Великий князь начавшуюся дискуссию не прерывал, давая депутатам и оживившемся в «свидетельском» углу Тронной залы шляхтичам-видакам высказать свои драгоценные мнения. И лишь когда руки наиболее активных крикунов потянулись к своим оппонентам, лениво подал знак напряженно взирающему на него глашатаю-распорядителю Сейма: тут же ухватил специальную колотушку-било и от души приложился ей к бронзовому гонгу, тут же страдальчески поморщившись от хлынувшего во все стороны мощного звукового удара. Хватило и остальным: что тут говорить, если даже Евдокия в своей комнатушке поневоле подскочила на лавочке и тряхнула головой, прогоняя прочь из головы густой продолжительный звон, напоследок выродившийся в мерзкое дребезжание?
— Продолжай, пан Загоровский.
Потеряв часть уверенности, упорства в достижении цели оратор не утратил — сходу вывалив на только-только успокоившийся Вальный сейм терзавшее его сомнение, и для большей убедительности удачно ввернув одно из заученных в отрочестве изречений древних римлян:
— А я и скажу!!! More majorum[3], Привилеи и Статуты может давать только законный Великий князь Литовский. Так?
Шляхта, в основной своей массе отнюдь не блиставшая высокой ученостью и хорошим знанием мертвых языков, настороженно пошепталась с куда лучше образованными ясновельможными панами из Рады, и присутствующими на Вальном сейме духовными иерархами — после чего нехотя согласилась с прозвучавшим утверждением. И то, от силы половиной от сотни громогласных голосов, ибо часть депутатов молча поглаживали оголовья малых булав на поясах, планируя в скором будущем переговорить накоротке с возмутителем их спокойствия. Дабы объяснить чересчур умному собрату по сеймовой скамье кое-какие простые, но важные для сохранения здоровья истины…
— А раз так!!!
Вдохнув поглубже, подпираемый с левого бока явным соратником или другом, пан Тадеуш по примеру сенаторов Древнего Рима простер правую руку в сторону тронного возвышения — и торжественно провозгласил поистине обжигающую правду:
— Скажите мне, милостивые паны, как может быть Великим князем слепой калека?!? Это невозможно, так как contra jus et fas![4] Dixi![5]
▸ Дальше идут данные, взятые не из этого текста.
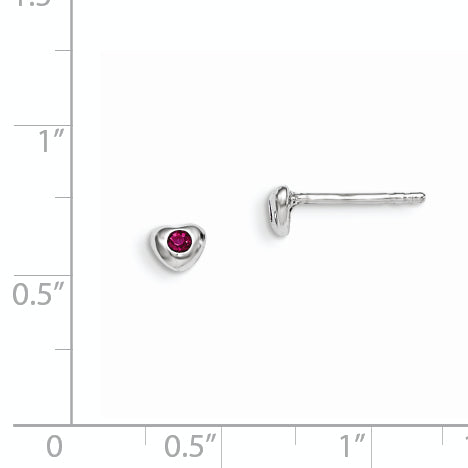 Sterling Silver Madi K Rhodium-plated Polished July Red Preciosa Crystal Heart Children's Post Earrings Secondary image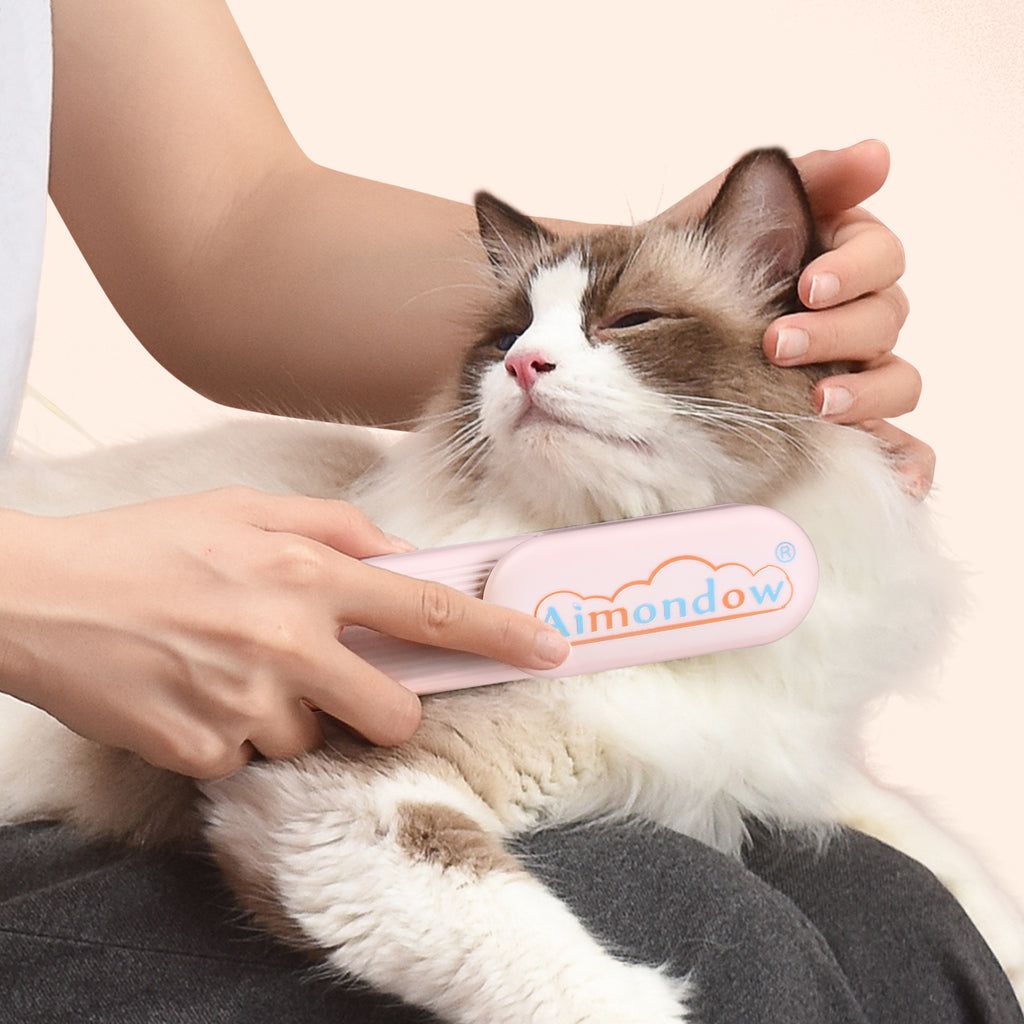 Aimondow Dog Brush Cat Grooming Brush for Long and Short Hair Dogs Cats Self Cleaning Shedding Brush for Massage Removes Puppy Loose Undercoat Mats Tangled Hair
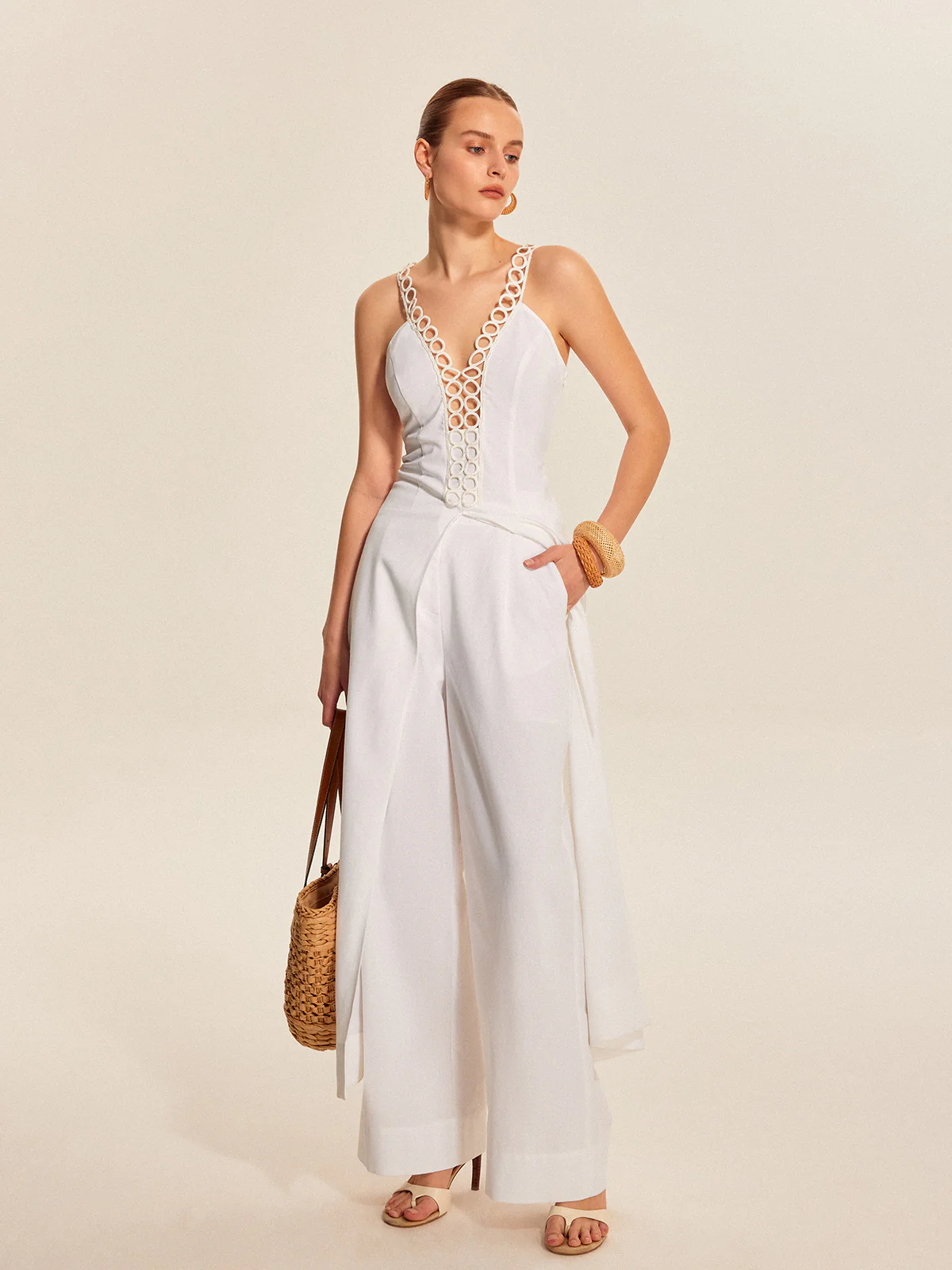 Hollow-Out Lace-Up V-Neck Top - Takermore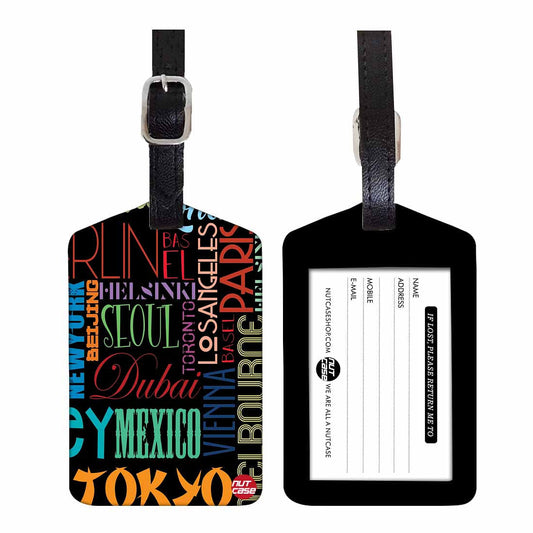 Luggage Tags Set Of 2 -  CITIES OF THE WORLD BLACK Nutcase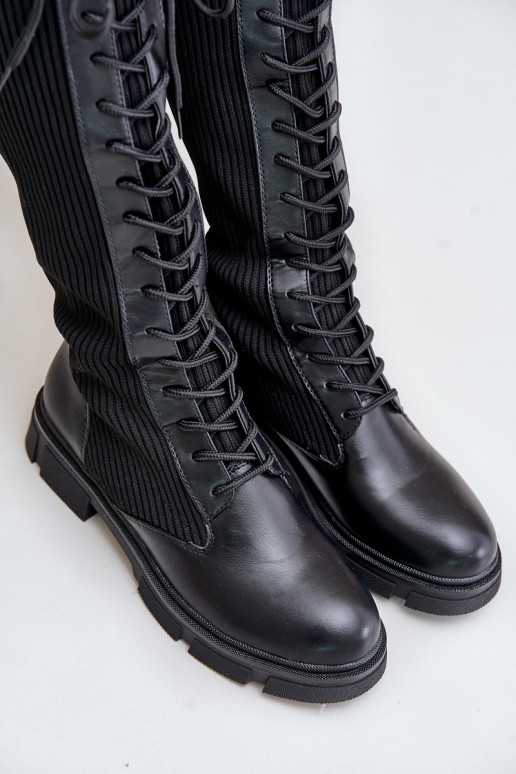 avec des lacets bottes Avec dessus flexible couleur noire Vamilena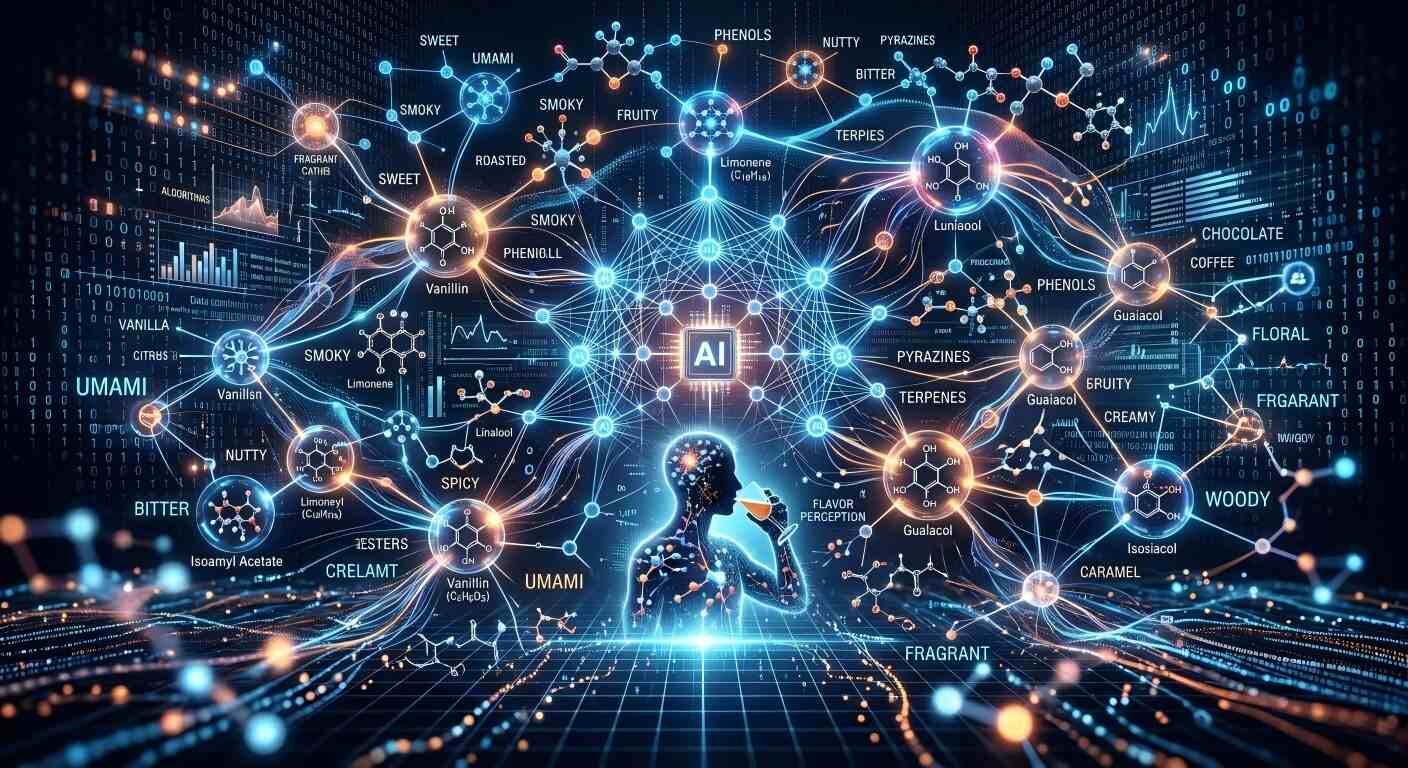 A futuristic digital rendering illustrating the intersection of AI, molecular chemistry, and human sensory perception through a glowing neural network.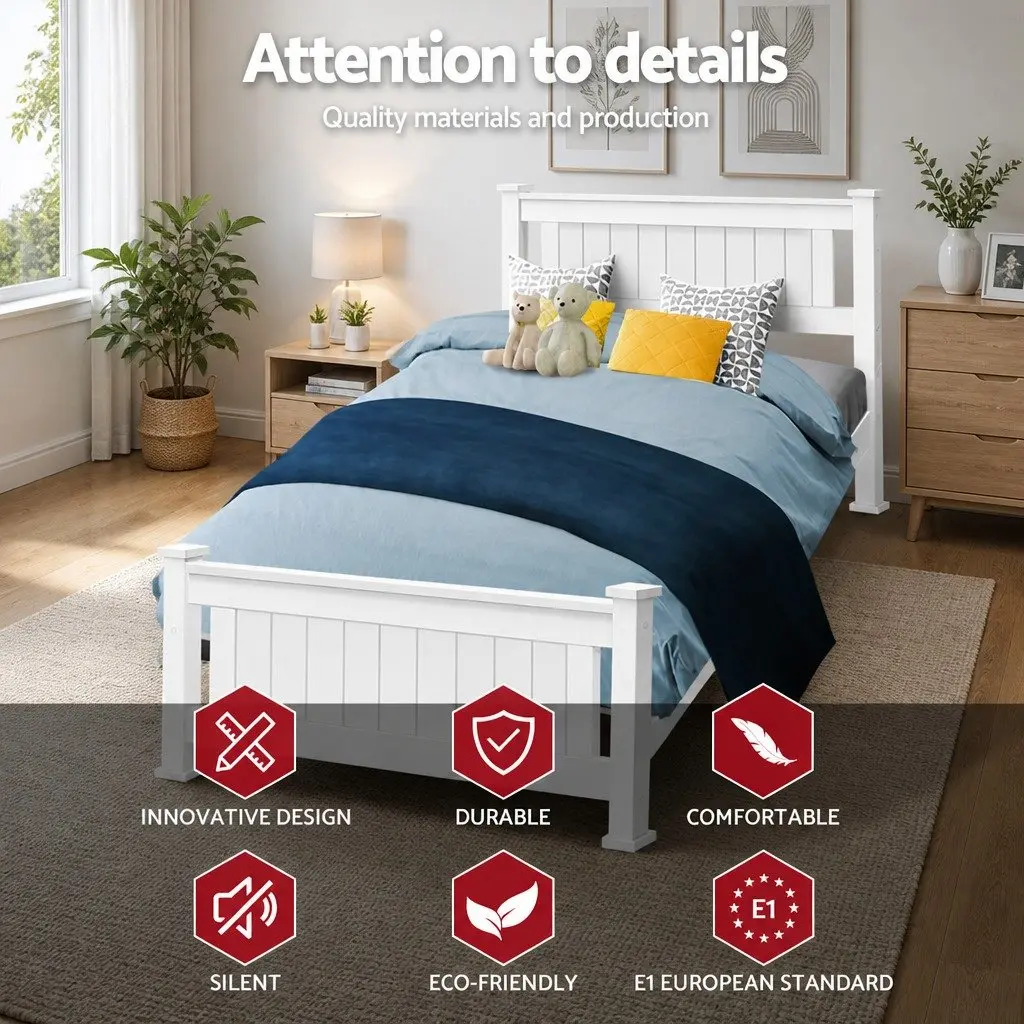 Single Bed Frame White Wooden Pine Timber Bedroom Furniture with Headboard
Не успели затихнуть его слова, как Тронная зала взорвалась удивленно-возмущенным многоголосьем шляхтичей-видаков и разом вскочивших на ноги депутатов; а вот тихо переговаривающиеся ясновельможные паны Рады, и два хмурящихся церковных иерарха некогда единой Христианской церкви свое отношение высказывать не торопились. Да и вообще, все больше поглядывали на Великого князя Литовского, который на диво терпеливо ждал окончания внезапно вспыхнувших бурных дебатов. Собственно, царственный слепец даже утрудился изобразить на лице легкую скуку, вид которой утихомирил Сейм куда лучше любого глашатая, бронзового гонга и вида изготовившейся к любому действу стражи: вдоволь помучив подданных тягучими мгновениями долгой тишины, Димитрий Иоаннович наконец-то шевельнулся на троне и лениво заметил на языке Цицерона и Овидия:
— Scire leges non hoc est verba earum tenere, sed vim ac potestatem[6].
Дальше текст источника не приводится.